The survey included responses of 147 merchants and how they are thinking of metrics today and how those metrics are used to drive business decisions. The no-brainer metric is the number of Facebook fans or Twitter followers. But according to the findings, retailers are looking for ways to measure social beyond engagement. There are other metrics being used like click-through rates to retail site from social media, growth rate year-over-year for pre-determined KPIs, number of YouTube views, sales from social networks, improved SEO, PR and media exposure, and video sharing rates.

“Interactivity seemed to be of greater interest for retailers to clarify how wide a net was being cast in the social stratosphere,” writes Freedman. “This moved beyond the number of fans to the levels of conversation and how much they were promoted and shared.
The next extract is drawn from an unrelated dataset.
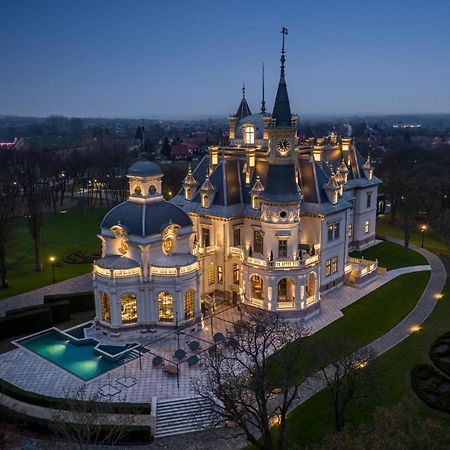 Botaniq Castle Of Tura - Small Luxury Hotels Of The World Exterior foto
Interest in growing social as a communication tool means monitoring the conversations and jumping in to bolster activity.”

Another merchant advocated not counting the number of fans, but rather count the number of comments on posts, returning views and overall time spent using the social media channel.

Freedman also notes that, “More sophisticated players are attempting to track the cost to acquire a new fan and understand where and when they convert in order to put necessary social resources in place.” Another metric to consider: tracking who is signing up for emails from social locations and tracking subsequent engagement with the company.

Additional areas Freedman says to pay attention to:

  • Referral sources (blogs, Facebook, Twitter)
  • Where traffic is derived from
  • General onsite sharing tools (share, like)

When considering what is successful with e-marketing today, it is not just about transactions anymore. Interactions with the company and building relationships is the real value social media can bring, at a relatively low cost. This is true for B2C markets, but also holds true for B2B.